Al final remató no tan breve como había prometido,  pero sí en directo, con otra consigna de igualdad. “Mientras  la sociedad no reconozca que somos iguales, seguiremos trabajando –dentro y fuera de nuestros hogares-, como lo hemos venido haciendo hasta la fecha por nuestro futuro, sintiéndonos orgullosas de ser quiénes somos y lo que somos”.  Unos ¡vivas!, a la santa y la alcaldesa de honor, cerraron el discurso y las mujeres se arrancaron entonces con la coplilla. “Todas contentas, todas contentas, las mujeres están, el pueblo de Cogolludo con ellas se alegrará”.

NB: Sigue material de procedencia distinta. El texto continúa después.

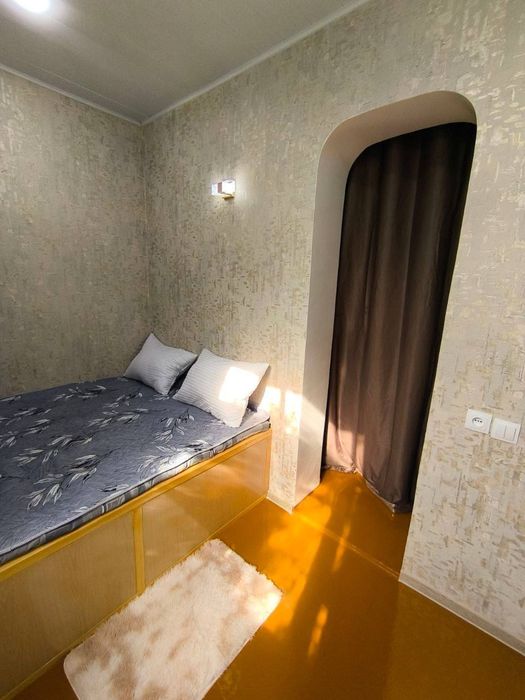 Аренда ТТЗ А.Югнакий 1в2/3/5 С Мебелью И С Техникой 350 у.е Чистая !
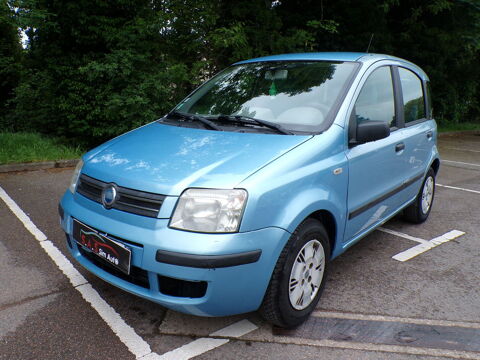 Fiat panda CLASS DUALOGIC 1.2i 60CH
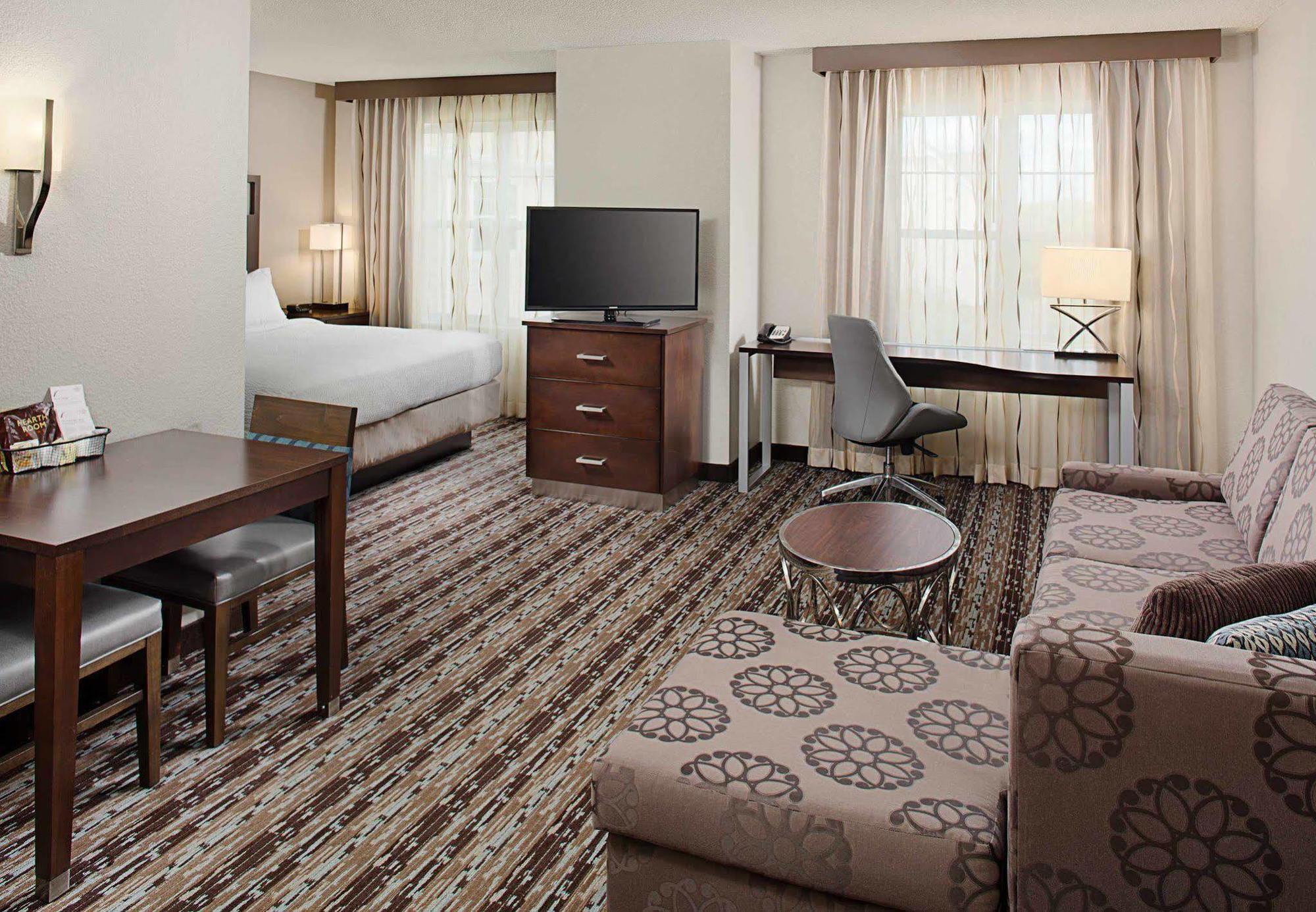 Residence Inn Worcester Esterno foto
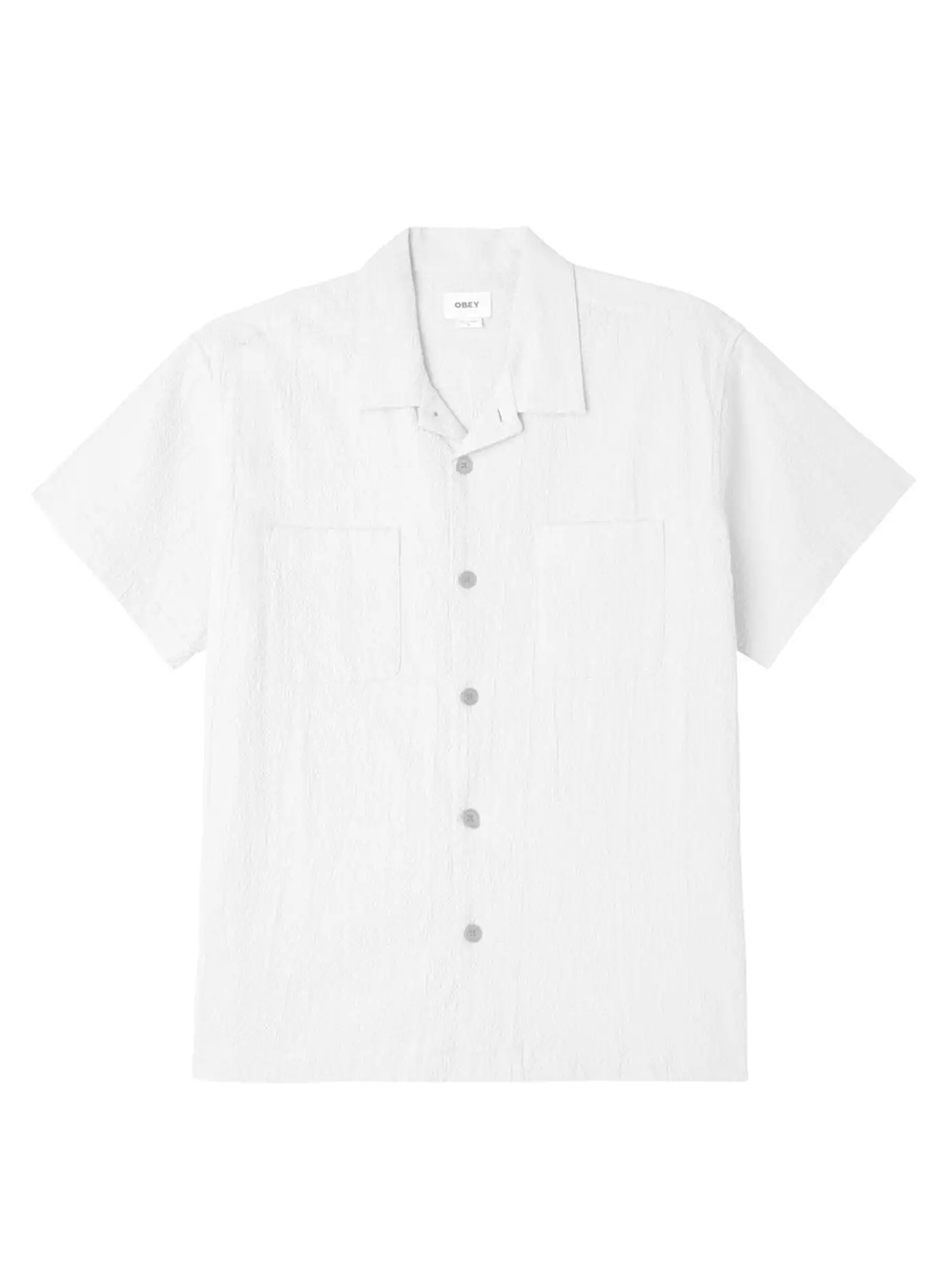 Sunrise Short Sleeve Buttondown Shirt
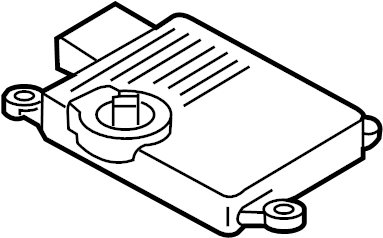 View AW26189E1A Automatic Transmission Control Module Full-Sized Product Image
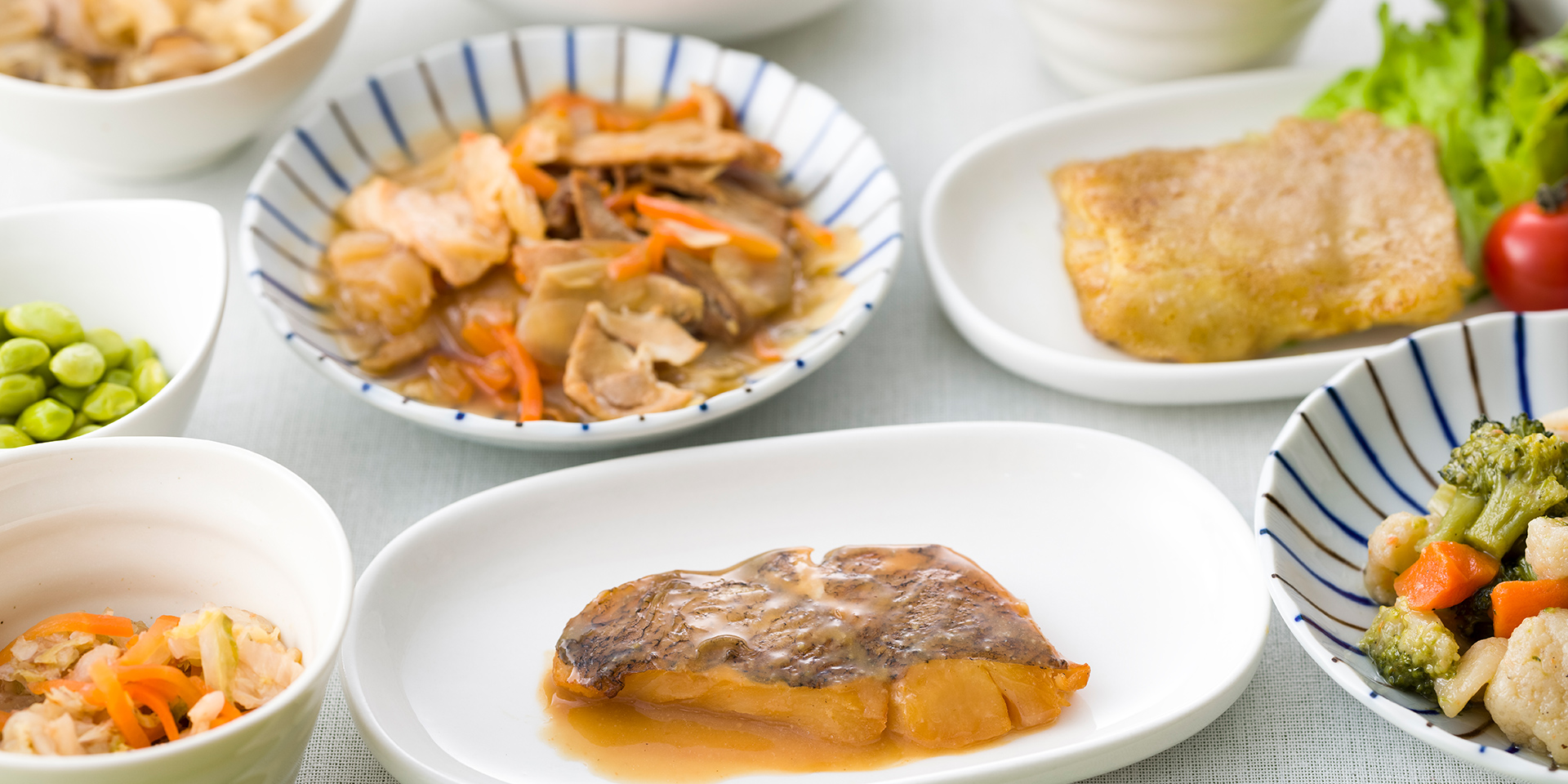 給食配達【介護事業部】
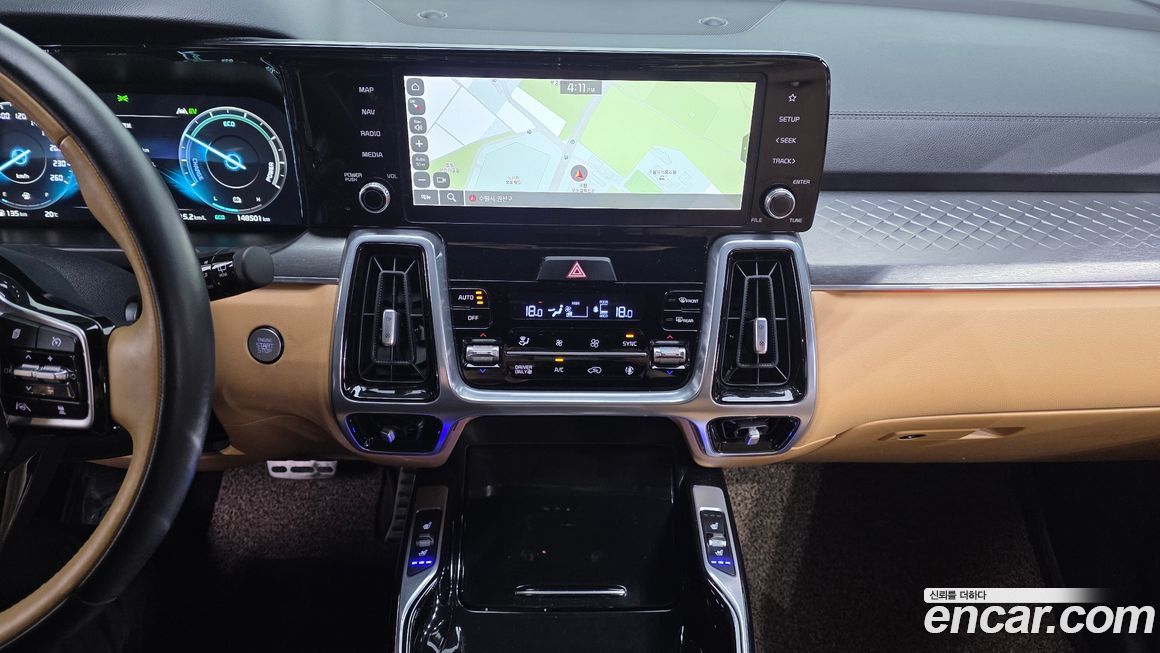 Kia Sorento 2022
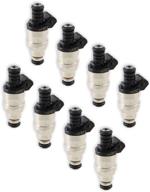 accel 150830 fuel injectors - 30 lb/hr: high performance for enhanced fuel delivery logo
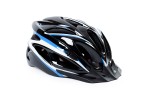 Шлем велосипедный Stels - FSD-HL022 L; Цвет: Черный
/ Синий (600129)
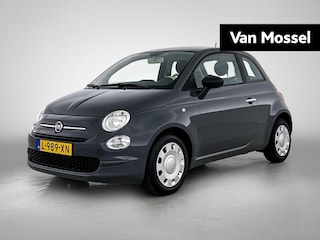 Fiat 500 1.0 Hybrid Cult | Airco | Elektrische ramen | Zuinig!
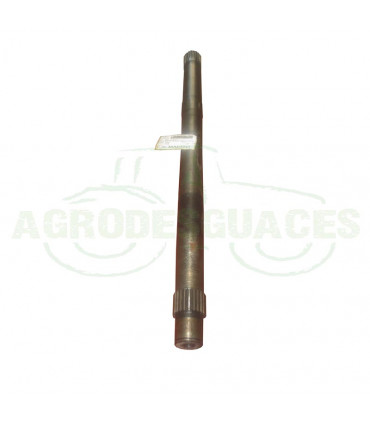 Eje Primario macizo usado Tractor Massey Ferguson 1869279M1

Ana Guarinos fue la alcaldesa de honorBaile, misa y limonada

Con los pasos dobles de la banda Provincial de Música, y el marco incomparable de la fachada renacentista del palacio Ducal, arrancó el primer baile en la plaza, antes de acudir a la misa, por  la cuesta arriba que en Cogolludo, como en casi todos los pueblos de esta provincia coloca a los templos en lo más alto.

Ahora la fiesta continúa con la patrona en procesión, no sin antes subastar cada uno de los palos de las andas. La crisis hace rácana la devoción y no hay puja que supere los cuarenta euros, ni que iguale la estatura de las porteadoras.  Así que la santa, que en este pueblo en vez de llevar la imagen macabra de dos senos cortados en una bandeja, lleva un cáliz, bajó y subió la empinada cuesta a vaivenes. Delante los cinco cabezudos, con la panda de chiquillos, luego la banda, un poco aterida ya por el frío; después la santa, y luego la compaña, donde casi todo eran mujeres, excepto algún foráneo.

Otra subasta más para meter a la santa a cubierto y para vender las rosquillas y dulces “con light”, como pregonaba la subastera. La consejera se hizo con una bandeja, con la que luego invitó a todo el que quiso.
Vuelta a la plaza, cuesta abajo y un poco más de baile con limonada, mientras se termina de asar el cordero que el restaurante Hermanos Martínez ha preparado. Como la norma impide que ningún hombre se siente a la mesa, sobran los consortes y los oficiantes.

No hay siesta, sigue la fiesta. Ahora tocaría chocolate y churros en el Palacio Ducal, cuya llave de hierro del tamaño de una barra de pan, porta una de las “águedas”, pero  como el monumento casi en ruinas, sigue a la espera de las obras, las mujeres se marchan a la disco Madison, donde hay más intimidad y sobre todo más calor. Quedan pocas horas para mandar y para escaparse de los maridos. Hay que aprovechar. Y todas tan contentas.